• **Exercise brief**
Please take the records that follow and repeat exactly the lines starting with the line with "1745 TWIN OAKS" and going on through the line with "5 Photograph of".

• **Supplied records**
========
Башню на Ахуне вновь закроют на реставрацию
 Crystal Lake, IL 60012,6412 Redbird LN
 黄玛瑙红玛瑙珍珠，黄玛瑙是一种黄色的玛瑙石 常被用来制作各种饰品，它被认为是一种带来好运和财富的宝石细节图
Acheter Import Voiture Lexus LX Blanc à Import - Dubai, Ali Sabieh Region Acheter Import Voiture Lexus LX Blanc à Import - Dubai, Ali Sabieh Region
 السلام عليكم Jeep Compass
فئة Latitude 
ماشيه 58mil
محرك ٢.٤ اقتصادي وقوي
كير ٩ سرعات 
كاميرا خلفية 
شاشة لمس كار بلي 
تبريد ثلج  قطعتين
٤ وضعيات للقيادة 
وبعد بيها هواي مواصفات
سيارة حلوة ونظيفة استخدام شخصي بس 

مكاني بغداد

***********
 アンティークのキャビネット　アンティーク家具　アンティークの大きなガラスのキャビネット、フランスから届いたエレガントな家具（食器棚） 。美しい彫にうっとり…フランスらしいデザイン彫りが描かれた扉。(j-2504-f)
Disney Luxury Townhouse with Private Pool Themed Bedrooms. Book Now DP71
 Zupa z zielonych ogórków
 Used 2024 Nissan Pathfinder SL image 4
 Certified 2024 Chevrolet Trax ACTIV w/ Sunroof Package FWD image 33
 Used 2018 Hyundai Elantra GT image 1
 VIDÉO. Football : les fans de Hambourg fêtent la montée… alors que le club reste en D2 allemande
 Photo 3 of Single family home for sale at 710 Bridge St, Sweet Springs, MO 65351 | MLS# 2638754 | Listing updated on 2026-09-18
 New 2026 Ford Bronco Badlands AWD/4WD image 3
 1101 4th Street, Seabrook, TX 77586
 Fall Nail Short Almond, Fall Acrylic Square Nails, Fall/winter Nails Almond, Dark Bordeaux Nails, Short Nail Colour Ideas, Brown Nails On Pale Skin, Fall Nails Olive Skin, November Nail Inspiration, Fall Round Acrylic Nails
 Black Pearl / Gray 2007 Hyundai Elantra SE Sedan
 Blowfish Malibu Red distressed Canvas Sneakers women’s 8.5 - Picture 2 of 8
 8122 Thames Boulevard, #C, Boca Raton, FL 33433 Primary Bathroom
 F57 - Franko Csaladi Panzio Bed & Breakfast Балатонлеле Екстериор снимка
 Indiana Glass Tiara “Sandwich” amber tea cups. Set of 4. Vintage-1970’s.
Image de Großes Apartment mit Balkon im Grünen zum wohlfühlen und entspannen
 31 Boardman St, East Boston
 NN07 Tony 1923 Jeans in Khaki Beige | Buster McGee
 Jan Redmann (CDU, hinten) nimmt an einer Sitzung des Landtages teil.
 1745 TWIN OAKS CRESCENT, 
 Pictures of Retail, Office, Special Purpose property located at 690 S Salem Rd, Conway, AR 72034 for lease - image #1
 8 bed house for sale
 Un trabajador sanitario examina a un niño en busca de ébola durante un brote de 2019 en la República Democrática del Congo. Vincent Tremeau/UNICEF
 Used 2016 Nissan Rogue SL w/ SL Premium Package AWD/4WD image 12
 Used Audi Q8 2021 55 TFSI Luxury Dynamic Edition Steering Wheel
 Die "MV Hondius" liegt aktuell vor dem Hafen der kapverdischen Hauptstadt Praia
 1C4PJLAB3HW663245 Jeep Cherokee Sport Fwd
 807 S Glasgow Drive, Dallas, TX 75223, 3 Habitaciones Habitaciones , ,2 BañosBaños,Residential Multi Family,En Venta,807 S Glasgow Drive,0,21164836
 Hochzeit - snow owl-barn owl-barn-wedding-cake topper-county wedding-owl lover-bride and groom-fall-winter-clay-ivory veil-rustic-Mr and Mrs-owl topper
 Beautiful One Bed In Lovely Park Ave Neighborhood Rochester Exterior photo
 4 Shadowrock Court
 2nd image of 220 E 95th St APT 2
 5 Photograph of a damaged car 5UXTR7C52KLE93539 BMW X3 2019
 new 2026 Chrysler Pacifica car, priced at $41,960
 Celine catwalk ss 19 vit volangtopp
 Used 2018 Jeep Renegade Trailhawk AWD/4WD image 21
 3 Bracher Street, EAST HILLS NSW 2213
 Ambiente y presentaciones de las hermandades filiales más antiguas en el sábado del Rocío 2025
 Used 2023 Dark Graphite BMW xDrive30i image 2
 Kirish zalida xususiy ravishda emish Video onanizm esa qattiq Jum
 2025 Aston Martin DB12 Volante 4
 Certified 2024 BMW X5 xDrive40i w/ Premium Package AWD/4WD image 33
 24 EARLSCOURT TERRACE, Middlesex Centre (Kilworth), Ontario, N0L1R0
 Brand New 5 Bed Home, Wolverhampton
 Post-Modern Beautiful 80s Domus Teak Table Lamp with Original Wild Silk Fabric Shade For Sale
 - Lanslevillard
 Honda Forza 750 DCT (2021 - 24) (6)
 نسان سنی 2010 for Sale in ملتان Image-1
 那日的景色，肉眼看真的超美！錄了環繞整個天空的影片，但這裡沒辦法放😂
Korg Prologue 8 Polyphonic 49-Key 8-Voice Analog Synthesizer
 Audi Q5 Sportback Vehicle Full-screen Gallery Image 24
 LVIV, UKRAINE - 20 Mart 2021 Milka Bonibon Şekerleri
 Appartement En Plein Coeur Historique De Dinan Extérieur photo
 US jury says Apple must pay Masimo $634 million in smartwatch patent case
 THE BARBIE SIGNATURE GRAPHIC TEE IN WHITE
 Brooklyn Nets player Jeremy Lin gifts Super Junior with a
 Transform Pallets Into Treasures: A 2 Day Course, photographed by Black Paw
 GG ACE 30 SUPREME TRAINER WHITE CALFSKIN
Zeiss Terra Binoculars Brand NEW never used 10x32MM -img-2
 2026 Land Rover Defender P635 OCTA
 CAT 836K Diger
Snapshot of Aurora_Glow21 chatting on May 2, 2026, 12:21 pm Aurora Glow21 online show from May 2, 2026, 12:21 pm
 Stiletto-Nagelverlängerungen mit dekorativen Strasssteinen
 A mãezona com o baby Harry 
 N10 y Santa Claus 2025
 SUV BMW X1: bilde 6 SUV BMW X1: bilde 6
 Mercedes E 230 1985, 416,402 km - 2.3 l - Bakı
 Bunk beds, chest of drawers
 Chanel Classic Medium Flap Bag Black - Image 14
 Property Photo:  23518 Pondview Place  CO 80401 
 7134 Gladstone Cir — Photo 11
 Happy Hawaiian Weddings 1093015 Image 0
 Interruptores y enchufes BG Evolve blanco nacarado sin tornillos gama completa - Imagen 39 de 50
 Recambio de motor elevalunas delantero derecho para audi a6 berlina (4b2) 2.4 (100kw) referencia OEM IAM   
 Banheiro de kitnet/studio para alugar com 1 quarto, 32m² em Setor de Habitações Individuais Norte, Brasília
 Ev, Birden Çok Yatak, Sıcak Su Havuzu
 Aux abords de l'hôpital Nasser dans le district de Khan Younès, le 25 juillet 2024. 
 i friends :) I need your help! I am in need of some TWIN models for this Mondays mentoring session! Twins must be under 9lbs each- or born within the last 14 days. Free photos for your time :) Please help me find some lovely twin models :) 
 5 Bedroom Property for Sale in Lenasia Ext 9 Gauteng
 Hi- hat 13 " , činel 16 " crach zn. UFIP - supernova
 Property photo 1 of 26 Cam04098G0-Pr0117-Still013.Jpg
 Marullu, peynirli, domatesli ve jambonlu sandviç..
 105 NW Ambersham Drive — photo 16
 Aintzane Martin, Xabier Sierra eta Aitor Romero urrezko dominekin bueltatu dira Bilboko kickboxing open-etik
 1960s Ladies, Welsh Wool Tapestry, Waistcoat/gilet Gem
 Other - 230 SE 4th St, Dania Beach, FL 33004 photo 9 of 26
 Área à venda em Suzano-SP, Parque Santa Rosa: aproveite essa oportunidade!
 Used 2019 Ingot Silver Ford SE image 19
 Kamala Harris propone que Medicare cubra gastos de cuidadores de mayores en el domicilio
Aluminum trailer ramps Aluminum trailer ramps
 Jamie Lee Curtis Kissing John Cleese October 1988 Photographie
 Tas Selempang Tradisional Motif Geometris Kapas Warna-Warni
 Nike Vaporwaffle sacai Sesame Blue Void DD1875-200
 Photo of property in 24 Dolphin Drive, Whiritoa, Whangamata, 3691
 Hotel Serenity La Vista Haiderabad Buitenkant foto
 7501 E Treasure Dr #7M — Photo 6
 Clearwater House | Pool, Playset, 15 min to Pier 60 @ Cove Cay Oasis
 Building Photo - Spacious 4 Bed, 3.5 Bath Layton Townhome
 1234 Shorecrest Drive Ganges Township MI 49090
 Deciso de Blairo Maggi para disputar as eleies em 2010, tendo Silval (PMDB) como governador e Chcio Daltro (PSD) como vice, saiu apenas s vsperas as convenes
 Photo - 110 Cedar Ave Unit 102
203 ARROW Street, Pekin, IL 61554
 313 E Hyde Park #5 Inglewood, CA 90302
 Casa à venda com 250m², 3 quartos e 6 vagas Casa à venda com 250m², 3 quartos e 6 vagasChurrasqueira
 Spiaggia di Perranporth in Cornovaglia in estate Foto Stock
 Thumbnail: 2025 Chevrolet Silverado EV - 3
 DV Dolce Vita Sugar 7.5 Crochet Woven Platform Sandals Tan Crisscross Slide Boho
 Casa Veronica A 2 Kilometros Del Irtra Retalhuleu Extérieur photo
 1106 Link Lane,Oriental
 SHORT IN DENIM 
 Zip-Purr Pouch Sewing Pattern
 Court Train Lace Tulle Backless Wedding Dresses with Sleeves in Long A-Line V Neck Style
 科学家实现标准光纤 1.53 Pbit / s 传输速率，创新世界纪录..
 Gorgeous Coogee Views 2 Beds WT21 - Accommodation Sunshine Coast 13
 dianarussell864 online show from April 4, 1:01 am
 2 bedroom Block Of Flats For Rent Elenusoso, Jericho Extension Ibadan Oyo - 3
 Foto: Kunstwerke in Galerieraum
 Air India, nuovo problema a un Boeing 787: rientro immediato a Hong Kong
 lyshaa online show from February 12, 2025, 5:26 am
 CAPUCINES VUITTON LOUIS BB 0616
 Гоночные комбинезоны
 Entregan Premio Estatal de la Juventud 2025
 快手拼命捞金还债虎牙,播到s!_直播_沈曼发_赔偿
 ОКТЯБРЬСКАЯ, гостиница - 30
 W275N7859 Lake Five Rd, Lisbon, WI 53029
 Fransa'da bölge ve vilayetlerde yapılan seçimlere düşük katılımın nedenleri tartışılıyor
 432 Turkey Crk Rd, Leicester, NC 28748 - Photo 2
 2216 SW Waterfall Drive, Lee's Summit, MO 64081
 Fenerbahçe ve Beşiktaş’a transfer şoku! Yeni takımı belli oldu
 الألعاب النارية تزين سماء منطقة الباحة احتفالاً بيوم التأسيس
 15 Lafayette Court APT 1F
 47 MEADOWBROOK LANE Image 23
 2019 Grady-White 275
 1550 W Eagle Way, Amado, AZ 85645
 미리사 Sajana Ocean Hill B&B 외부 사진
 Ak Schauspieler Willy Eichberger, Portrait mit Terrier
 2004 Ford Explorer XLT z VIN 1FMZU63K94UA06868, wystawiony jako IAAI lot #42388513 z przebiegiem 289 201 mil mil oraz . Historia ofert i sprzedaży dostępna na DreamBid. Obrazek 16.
========
• **Answer area**
 1745 TWIN OAKS CRESCENT, 
 Pictures of Retail, Office, Special Purpose property located at 690 S Salem Rd, Conway, AR 72034 for lease - image #1
 8 bed house for sale
 Un trabajador sanitario examina a un niño en busca de ébola durante un brote de 2019 en la República Democrática del Congo. Vincent Tremeau/UNICEF
 Used 2016 Nissan Rogue SL w/ SL Premium Package AWD/4WD image 12
 Used Audi Q8 2021 55 TFSI Luxury Dynamic Edition Steering Wheel
 Die "MV Hondius" liegt aktuell vor dem Hafen der kapverdischen Hauptstadt Praia
 1C4PJLAB3HW663245 Jeep Cherokee Sport Fwd
 807 S Glasgow Drive, Dallas, TX 75223, 3 Habitaciones Habitaciones , ,2 BañosBaños,Residential Multi Family,En Venta,807 S Glasgow Drive,0,21164836
 Hochzeit - snow owl-barn owl-barn-wedding-cake topper-county wedding-owl lover-bride and groom-fall-winter-clay-ivory veil-rustic-Mr and Mrs-owl topper
 Beautiful One Bed In Lovely Park Ave Neighborhood Rochester Exterior photo
 4 Shadowrock Court
 2nd image of 220 E 95th St APT 2
 5 Photograph of a damaged car 5UXTR7C52KLE93539 BMW X3 2019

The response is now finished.